**ASSIGNED TASK:** The copy you produce must repeat each record exactly and contain no pictures.

----------

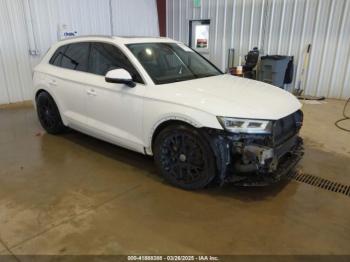  Salvage Audi Q5
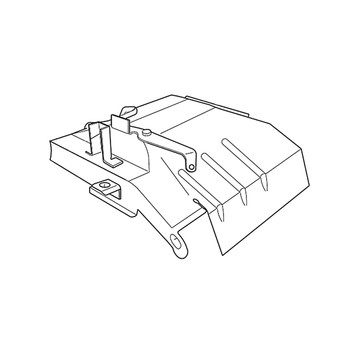 GENERAC 0J58620159 CONTROL ASSEMBLY; THROTTLE Original OEM part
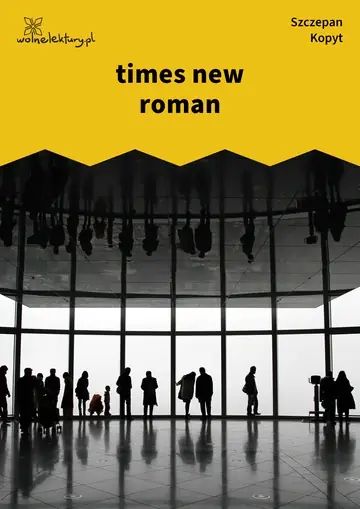 times new roman
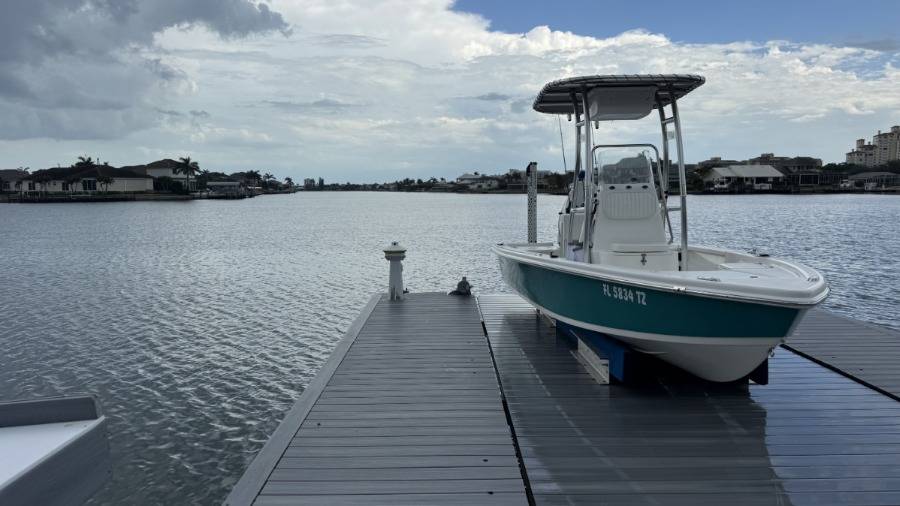 2024 Salty Boats Palmetto Bay with a SG300 boat t-top, photo 3 of 7
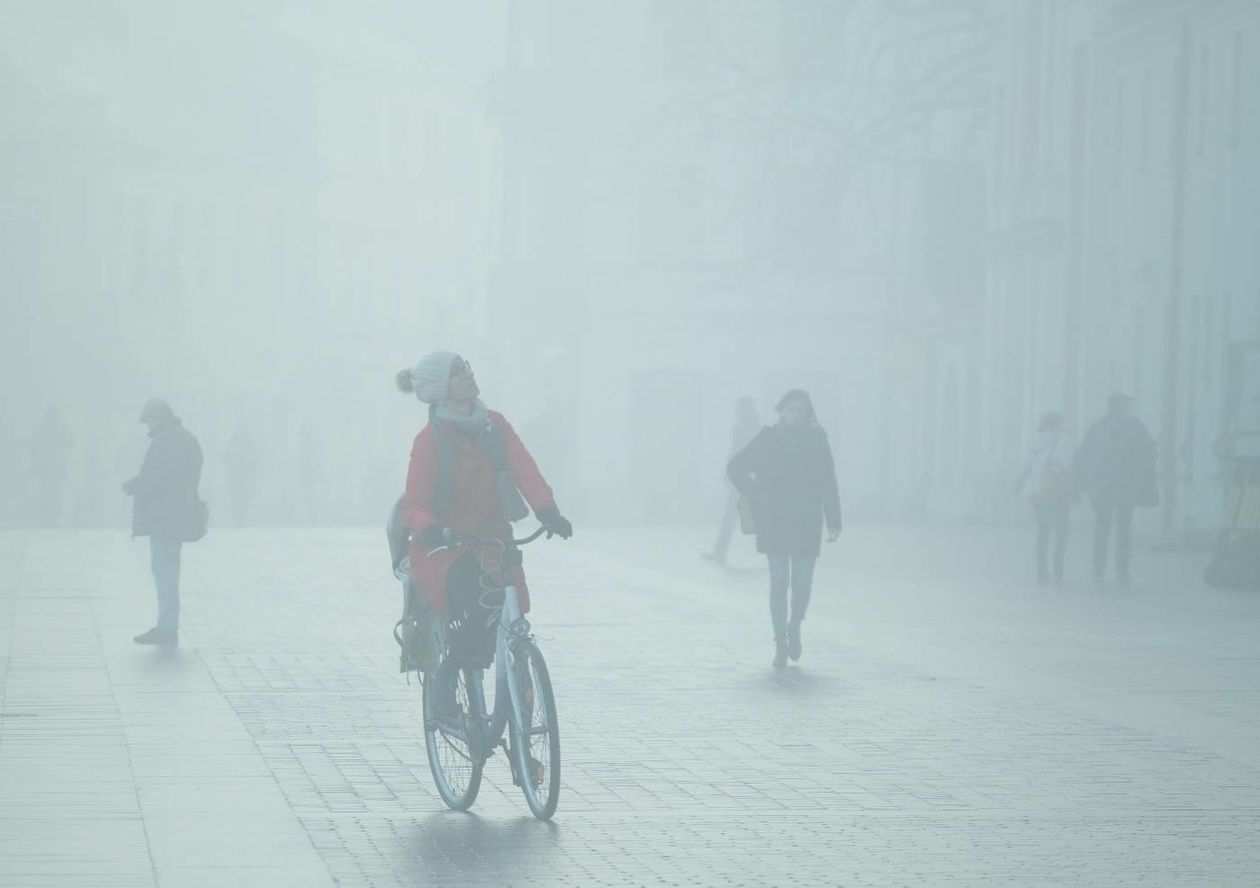  Lublin we mgle (zdjęcie 1) - Autor: Maciej Kaczanowski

----------

**RESPONSE TO THIS TASK:**
  Salvage Audi Q5
 GENERAC 0J58620159 CONTROL ASSEMBLY; THROTTLE Original OEM part
 times new roman
 2024 Salty Boats Palmetto Bay with a SG300 boat t-top, photo 3 of 7
  Lublin we mgle (zdjęcie 1) - Autor: Maciej Kaczanowski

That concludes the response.